(Beginning of Given material)

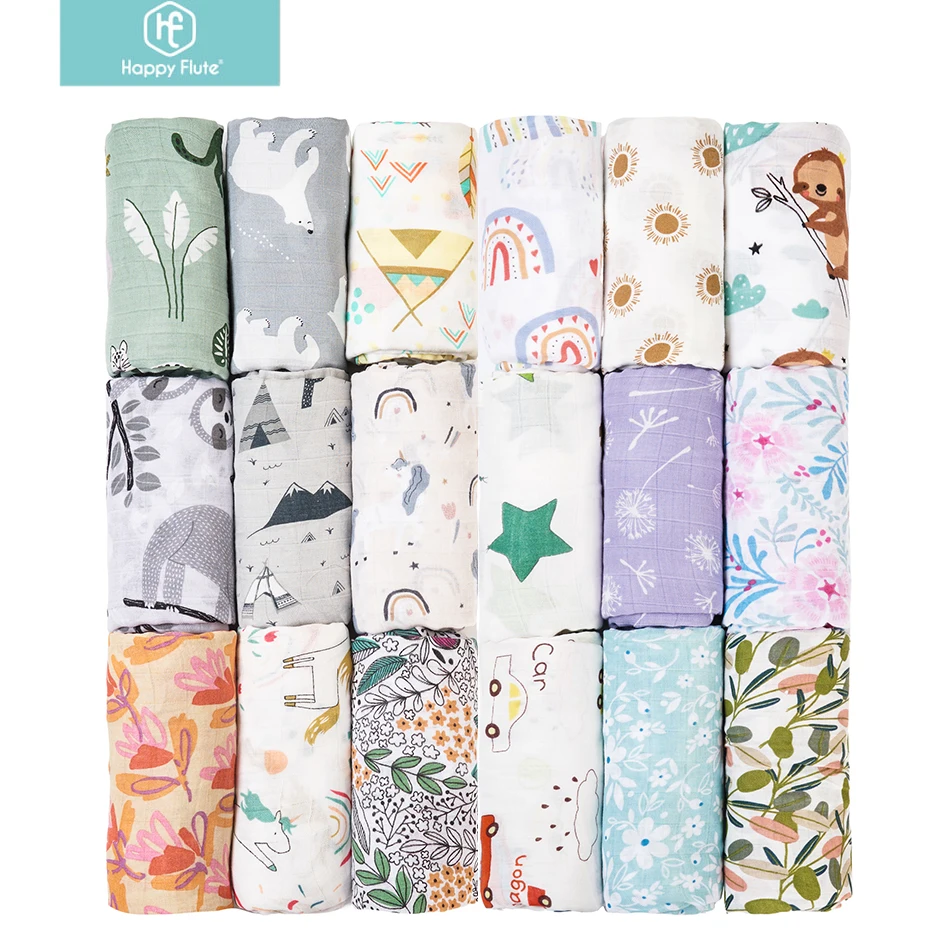 

Happy Flute 1Pc 120*120CM Muslin Blanket Newborn Cotton Baby Swaddle Towel Baby Warp Bath Towel Cotton 70%Bamboo+30%Cotton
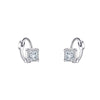 Small Square Earrings for Women, Silver-Tone Copper Design with Sparkling Zirconia Accents - Product view 5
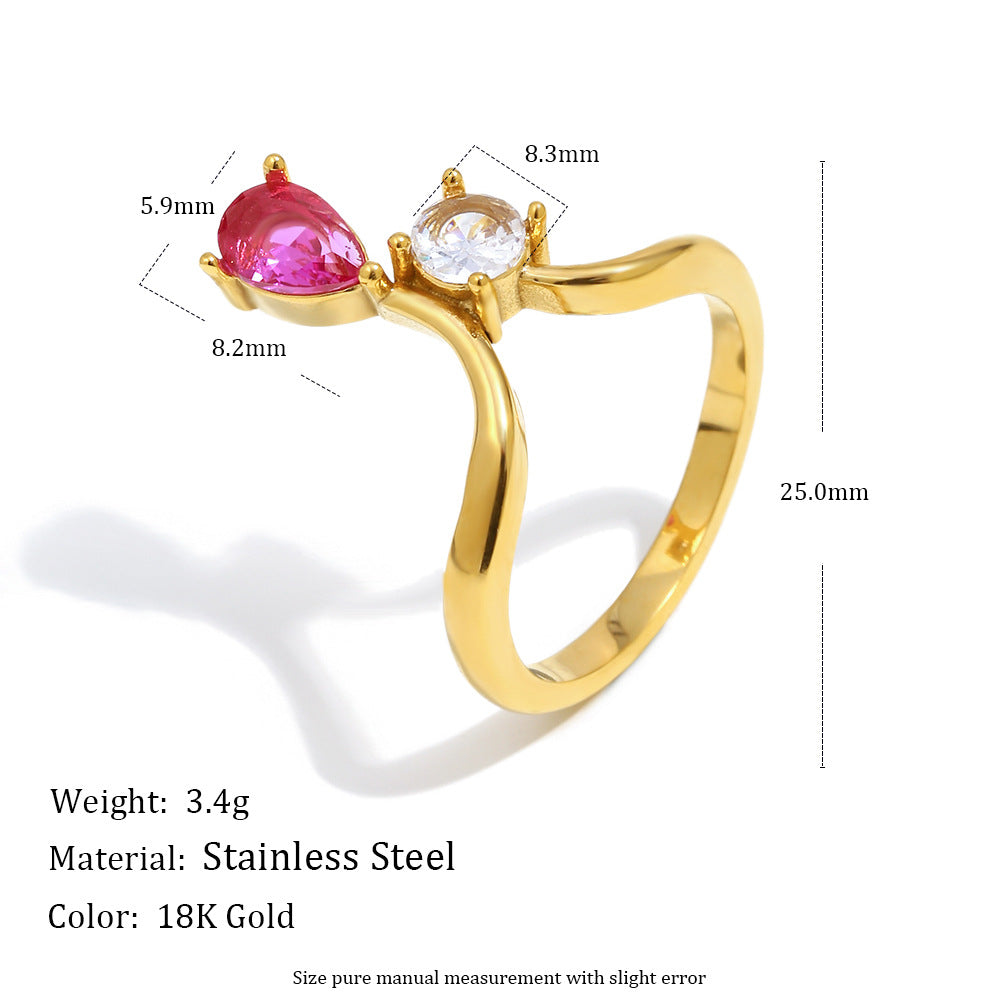 STUD 18K gold-plated stainless steel ring with crown-set pink and clear teardrop zircon stones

(End of Given material)

#### What to work on
Give every line above again exactly, omitting whatever pictures appear.

#### Answer for the task
Happy Flute 1Pc 120*120CM Muslin Blanket Newborn Cotton Baby Swaddle Towel Baby Warp Bath Towel Cotton 70%Bamboo+30%Cotton
 Small Square Earrings for Women, Silver-Tone Copper Design with Sparkling Zirconia Accents - Product view 5
 STUD 18K gold-plated stainless steel ring with crown-set pink and clear teardrop zircon stones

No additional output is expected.